I have lots of photos in albums and our grandchildren love looking through them when they visit. Not all of them have who they are written on them but I’m trying to do this as I remember my late dad telling me that I should say who they are and when they were taken. I don’t put photos of scenery alone in the albums as I don’t think they will be of much interest to anyone else.
I don’t think the younger generation bother with getting photos printed off, it’s a pity as who knows what technology will be like in the future, will they be able to see their photos?
My dad died at 61 so no photos of him at my age-72, but mum lived to 83 and stayed smart and quite trendy till the end. But looking at my grandparents pics they do look old fashioned, but I suppose fashions have changed a lot from their 70s.
I agree with writing on old family photos for the benefit of our children/grandchildren. When mum died I inherited boxes of photos and many were doubles of those I had ie.annual school ones So I decided to make up 4 albums dating way back to the 1960-70s
I gave my 4AC one each as a Xmas present. When they opened the gift there were tears all round. Well worth the effort.
Looking at a photo of my paternal grandfather in his youth I was taken aback as my 34 year old son is the image of him.
I’m 78. I have boxes of family photos which I treasure and which I love to look at and remember all the relatives and the times we had. I’m not sad, just grateful to have known such wonderful people.
I love looking through photo albums. I have loads as does my mother , she also wrote on the back of photos with names , dates and places . I now do as well . I have lots of photos in frames around the house . Tbh I prefer photos over ornaments and nik naks .
About once a year I have a blitz on my phone and upload them to a site like Snapfish and order prints which I put in photo albums.
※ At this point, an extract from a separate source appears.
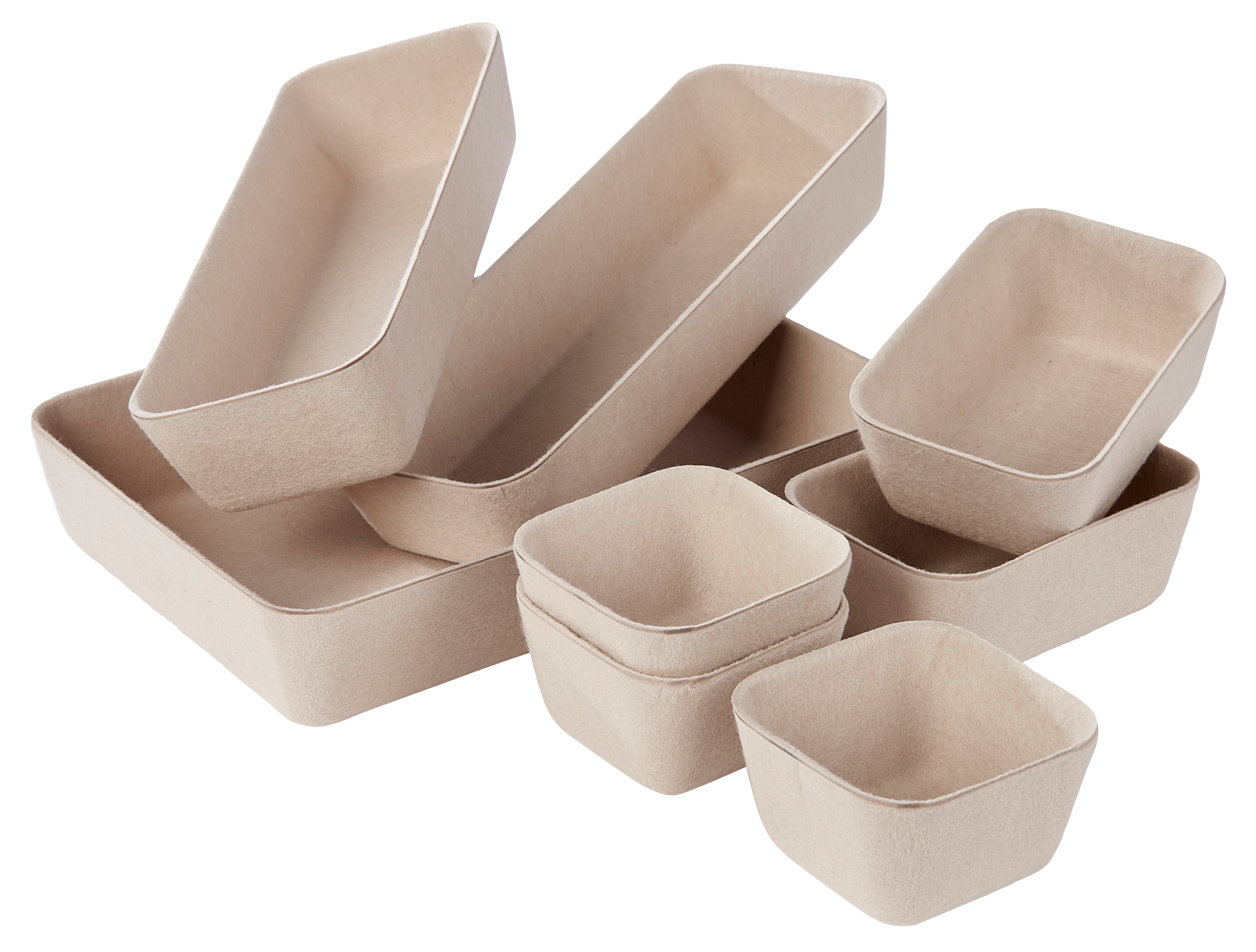 LINOSTORE Opbergmandjes voor lade beigeH 5,5 x B 27,5 x D 20 cm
I also upload the photos onto my desktop incase I lose my phone .
As for the passing of time . I don’t really think about it .
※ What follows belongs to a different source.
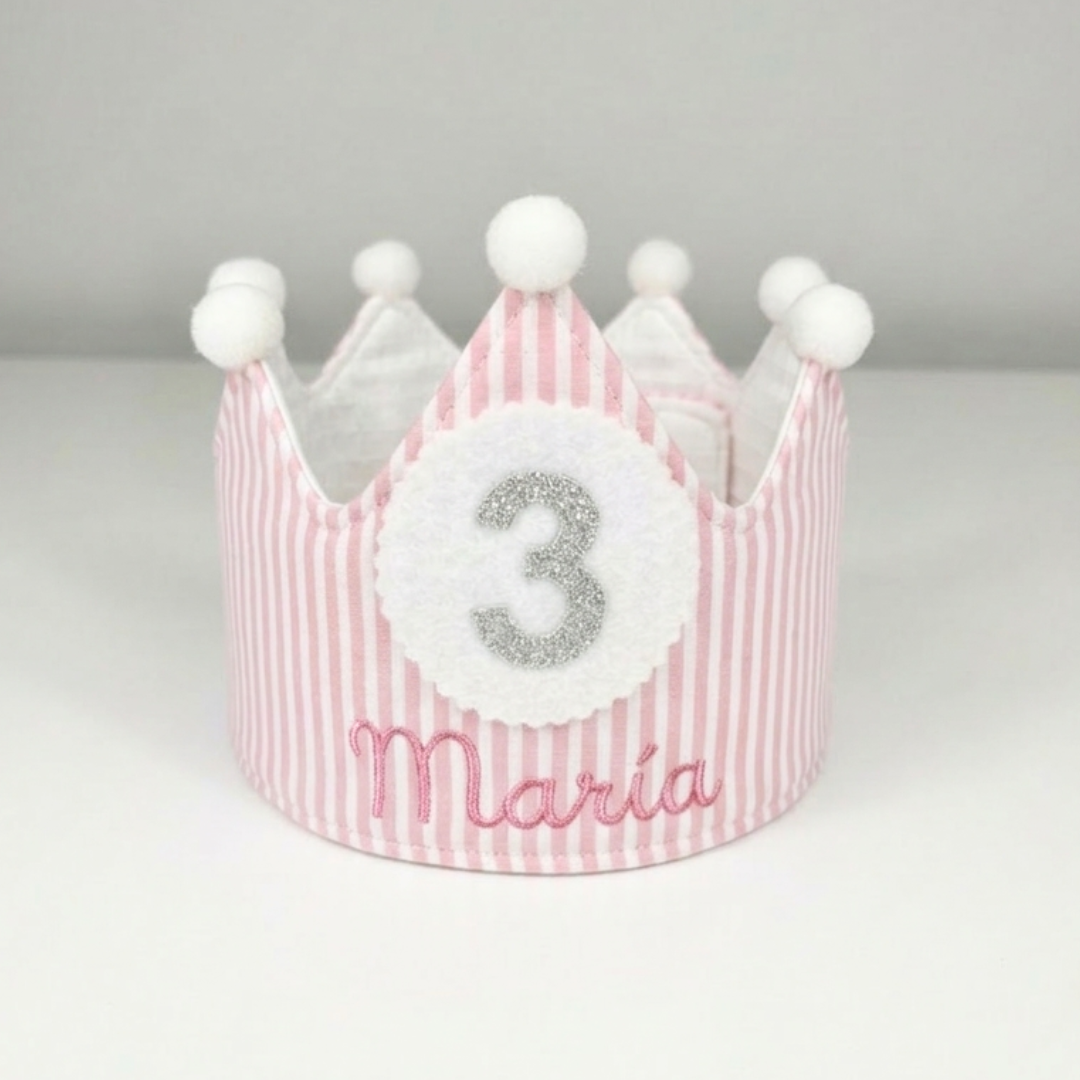 Corona Cumpleaños Personalizada Rayas Rosa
foxie I could have written that - or, more precisely, I wish I had! I too am happier now than in younger days, when there was a lot of strife, much grief and some stressful times.
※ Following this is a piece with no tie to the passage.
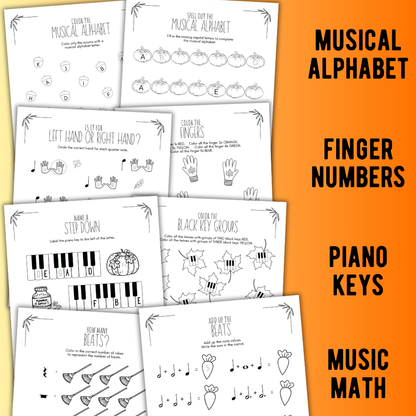 Fall Music Worksheets Bundle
I haven't any photos of my paternal grandparents, plenty of my maternal side and some stepfather ones, going back to circa 1853! My parents had a war time wedding on Salisbury Plain in 1941, and apart from my maternal grandmother,nobody from either family went. There were reasons, but it's all a long time ago now and didn't end well in any respect. However, with the advent of the internet and after the death of my mother I have managed to get in touch with a member of my paternal family, and he has very kindly sent me some photos of the family. Strange feeling, looking at people who have a slight look of you!
It recently occurred to me that I I'll soon be the age my Gran was when she became a Gran -59 She looks much older than I do
When my mum died I found a family photo in her flat that I’d never seen before. Thankfully there was one family member who was still alive and she named most of the people for me. Otherwise I would never have known that the tubby guy with the huge moustache who looked as if he’d stepped out of the pages of Three Men in a Boat was called Harry Fido. It’s always important to write the name of people in pencil and not biro as it’s less damaging.
As an only child, I inherited boxes of my parents' black and white photos, about 50% of them of people I couldn't name. I invited my cousin for a long weekend and we spread out the photos all over the livingroom floor and went through them identifying people and labelling them. We ended up with just a handful we couldn't name.
I don't know if my children will be interested. They were only small when my Dad died and can barely remember him, but teenagers when Mum died .... but anyway, the photos will be there for them to do what they want with them.